Sterling rose against the dollar on Friday, after Bank of England Governor Mark Carney said the next move in interest rates was likely to be upward, tempering speculation that rates could be lowered if inflation stays subdued.
"We're still in a position where our message is ... that the next move in interest rates is going to be up," Carney said during a panel discussion at a Bundesbank conference in Frankfurt.
The pound had been hit in the past week after BoE chief economist Andy Haldane said a sharp slowdown in inflation meant the bank was as likely as not to cut rates, a view that had been previously rejected by Carney.
"He (Carney) is saying the obvious but it pours cold water on (some) Monetary Policy Committee (members') attempts to convince the market that a rate cut is possible," a London based trader said.
Sterling rose 0.4 percent to a day's high of $1.4923 after the comments, compared with $1.4818 beforehand. It was also helped by a weaker dollar which was pulled down by soft fourth quarter growth data out of the US.
It was up 0.45 percent against the euro, trading at 72.98 pence per euro.
"The pound has bounced on the back of the comments from the BoE which were less dovish than expected and allowed it to bounce after the weakness we saw in the last couple of weeks," said Lee Hardman, currency economist at BTM-UFJ in London.
Several other policymakers at the BoE have left Haldane looking isolated.
On Friday, one of the deputy governors, Ben Broadbent, also played down the fall in inflation, which touched zero in February. He said Britain was unlikely to suffer from a long bout of deflation.
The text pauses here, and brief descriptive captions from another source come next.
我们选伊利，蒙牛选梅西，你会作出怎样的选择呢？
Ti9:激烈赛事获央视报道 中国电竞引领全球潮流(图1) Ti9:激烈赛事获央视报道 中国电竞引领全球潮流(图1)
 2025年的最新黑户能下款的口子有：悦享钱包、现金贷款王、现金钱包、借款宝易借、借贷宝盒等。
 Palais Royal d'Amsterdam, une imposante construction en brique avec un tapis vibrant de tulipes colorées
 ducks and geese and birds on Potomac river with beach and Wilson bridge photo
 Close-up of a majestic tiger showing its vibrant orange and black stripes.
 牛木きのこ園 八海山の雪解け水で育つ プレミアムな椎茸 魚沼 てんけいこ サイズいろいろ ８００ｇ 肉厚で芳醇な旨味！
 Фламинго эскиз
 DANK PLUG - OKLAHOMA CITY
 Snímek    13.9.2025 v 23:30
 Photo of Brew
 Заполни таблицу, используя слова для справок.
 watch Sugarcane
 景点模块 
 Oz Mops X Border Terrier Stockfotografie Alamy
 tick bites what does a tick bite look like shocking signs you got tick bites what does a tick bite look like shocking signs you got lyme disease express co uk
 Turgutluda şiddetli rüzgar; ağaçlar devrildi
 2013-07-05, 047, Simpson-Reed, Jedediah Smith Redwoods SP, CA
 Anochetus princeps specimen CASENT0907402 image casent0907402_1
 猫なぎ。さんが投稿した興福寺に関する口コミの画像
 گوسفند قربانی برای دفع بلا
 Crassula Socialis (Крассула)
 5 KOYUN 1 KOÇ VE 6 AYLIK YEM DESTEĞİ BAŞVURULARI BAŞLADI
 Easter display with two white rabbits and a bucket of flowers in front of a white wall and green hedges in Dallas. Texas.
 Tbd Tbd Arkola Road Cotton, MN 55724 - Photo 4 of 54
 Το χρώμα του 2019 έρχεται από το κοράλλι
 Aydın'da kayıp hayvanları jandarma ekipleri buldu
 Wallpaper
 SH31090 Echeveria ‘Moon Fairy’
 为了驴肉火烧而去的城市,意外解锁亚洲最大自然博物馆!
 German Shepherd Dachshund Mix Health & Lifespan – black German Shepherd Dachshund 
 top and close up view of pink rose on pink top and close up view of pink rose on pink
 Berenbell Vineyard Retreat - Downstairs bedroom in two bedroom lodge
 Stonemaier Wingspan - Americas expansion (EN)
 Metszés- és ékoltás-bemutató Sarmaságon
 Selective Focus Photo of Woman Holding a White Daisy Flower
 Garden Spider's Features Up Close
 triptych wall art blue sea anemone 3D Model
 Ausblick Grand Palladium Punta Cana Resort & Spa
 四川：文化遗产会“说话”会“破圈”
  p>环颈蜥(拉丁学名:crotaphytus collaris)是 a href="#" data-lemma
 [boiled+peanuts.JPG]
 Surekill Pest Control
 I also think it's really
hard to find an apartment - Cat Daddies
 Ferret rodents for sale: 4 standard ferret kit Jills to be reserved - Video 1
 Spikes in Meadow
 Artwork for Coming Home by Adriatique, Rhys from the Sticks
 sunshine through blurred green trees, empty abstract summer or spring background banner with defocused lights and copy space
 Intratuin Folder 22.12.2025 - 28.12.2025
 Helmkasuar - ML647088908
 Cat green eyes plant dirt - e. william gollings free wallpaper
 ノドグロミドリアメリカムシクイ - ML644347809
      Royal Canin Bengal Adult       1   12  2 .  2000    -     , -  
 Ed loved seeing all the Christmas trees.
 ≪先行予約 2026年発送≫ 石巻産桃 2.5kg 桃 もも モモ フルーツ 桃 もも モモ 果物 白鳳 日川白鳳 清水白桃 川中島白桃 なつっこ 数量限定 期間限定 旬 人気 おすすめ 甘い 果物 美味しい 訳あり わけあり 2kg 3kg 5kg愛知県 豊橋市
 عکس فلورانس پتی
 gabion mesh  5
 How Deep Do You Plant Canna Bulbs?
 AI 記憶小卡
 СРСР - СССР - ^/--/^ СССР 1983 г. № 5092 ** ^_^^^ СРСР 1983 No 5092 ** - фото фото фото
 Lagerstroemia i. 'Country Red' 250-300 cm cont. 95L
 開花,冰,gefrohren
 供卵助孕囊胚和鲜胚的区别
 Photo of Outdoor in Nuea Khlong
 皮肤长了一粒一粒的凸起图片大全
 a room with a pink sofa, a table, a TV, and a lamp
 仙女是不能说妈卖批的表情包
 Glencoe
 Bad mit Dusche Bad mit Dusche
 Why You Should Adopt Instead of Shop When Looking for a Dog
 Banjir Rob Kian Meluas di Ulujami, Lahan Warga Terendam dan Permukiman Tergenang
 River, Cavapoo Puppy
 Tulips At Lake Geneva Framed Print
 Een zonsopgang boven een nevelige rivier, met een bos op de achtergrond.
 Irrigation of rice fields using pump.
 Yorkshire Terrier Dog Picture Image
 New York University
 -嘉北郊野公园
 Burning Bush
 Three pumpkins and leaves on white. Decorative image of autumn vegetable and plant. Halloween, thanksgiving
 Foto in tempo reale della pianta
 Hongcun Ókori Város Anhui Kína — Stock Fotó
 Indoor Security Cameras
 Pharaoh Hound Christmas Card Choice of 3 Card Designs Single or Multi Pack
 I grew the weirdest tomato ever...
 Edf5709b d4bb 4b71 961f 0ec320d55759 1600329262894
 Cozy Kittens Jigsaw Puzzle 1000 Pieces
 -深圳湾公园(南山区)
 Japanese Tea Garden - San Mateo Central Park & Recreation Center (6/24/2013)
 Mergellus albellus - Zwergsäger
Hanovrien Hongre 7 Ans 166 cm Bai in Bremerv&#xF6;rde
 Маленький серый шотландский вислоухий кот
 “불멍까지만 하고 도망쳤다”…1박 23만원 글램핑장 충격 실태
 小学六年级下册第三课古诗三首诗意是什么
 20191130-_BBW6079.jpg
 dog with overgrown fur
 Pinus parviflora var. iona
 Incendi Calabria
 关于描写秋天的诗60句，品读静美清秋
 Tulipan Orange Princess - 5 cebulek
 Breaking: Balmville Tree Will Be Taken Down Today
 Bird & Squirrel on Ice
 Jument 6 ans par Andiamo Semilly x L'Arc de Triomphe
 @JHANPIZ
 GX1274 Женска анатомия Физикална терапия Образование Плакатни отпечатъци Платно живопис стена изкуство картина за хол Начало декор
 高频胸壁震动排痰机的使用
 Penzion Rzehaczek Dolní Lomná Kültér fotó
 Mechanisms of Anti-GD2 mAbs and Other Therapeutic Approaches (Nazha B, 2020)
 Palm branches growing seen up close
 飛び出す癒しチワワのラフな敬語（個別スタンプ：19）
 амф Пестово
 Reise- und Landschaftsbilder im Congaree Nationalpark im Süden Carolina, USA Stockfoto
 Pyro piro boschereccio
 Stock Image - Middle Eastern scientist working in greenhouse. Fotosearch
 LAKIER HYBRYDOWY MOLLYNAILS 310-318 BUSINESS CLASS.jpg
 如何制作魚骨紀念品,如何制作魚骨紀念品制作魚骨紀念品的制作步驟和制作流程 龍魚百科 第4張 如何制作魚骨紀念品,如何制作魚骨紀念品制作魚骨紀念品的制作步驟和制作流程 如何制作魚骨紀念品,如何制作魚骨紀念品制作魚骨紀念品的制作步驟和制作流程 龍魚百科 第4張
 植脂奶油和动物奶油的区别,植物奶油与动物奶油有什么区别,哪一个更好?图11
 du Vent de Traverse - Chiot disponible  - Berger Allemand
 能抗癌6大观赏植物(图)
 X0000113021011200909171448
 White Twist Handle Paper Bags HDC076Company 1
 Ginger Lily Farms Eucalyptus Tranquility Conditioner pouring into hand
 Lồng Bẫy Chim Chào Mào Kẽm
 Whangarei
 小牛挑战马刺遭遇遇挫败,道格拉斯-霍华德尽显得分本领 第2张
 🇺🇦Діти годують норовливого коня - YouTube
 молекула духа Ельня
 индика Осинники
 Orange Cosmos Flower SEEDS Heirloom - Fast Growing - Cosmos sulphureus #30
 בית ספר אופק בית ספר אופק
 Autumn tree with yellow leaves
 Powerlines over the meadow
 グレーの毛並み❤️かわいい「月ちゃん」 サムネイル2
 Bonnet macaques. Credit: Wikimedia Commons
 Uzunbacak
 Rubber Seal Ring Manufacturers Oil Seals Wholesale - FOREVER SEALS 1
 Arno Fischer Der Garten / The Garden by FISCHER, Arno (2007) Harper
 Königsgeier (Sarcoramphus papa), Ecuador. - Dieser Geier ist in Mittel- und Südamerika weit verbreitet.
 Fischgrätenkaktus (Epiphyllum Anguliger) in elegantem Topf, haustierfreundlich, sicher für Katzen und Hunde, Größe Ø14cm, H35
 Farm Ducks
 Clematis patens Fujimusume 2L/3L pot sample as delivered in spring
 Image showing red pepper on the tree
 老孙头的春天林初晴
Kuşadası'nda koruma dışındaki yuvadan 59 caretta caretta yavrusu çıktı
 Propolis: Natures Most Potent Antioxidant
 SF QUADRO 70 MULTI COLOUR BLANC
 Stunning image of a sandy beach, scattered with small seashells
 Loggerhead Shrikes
"(Carney) wants people in the market to be more focused on rate hikes in the future," said Craig Erlam, market analyst at Oanda, a foreign exchange brokerage.
Broadbent also said that the BoE was mindful of the strength of sterling but does not try to finesse the exchange rate.
The currency had also been weighed down by uncertainty ahead of the parliamentary election on May 7. The latest opinion polls point no party being able to form a government on its own.
"I can see more political risk priced in and that could hold it back. At the same time the BoE has signalled more concern over the strength of the pound which could dampen the pace of rate hikes ahead," said Hardman.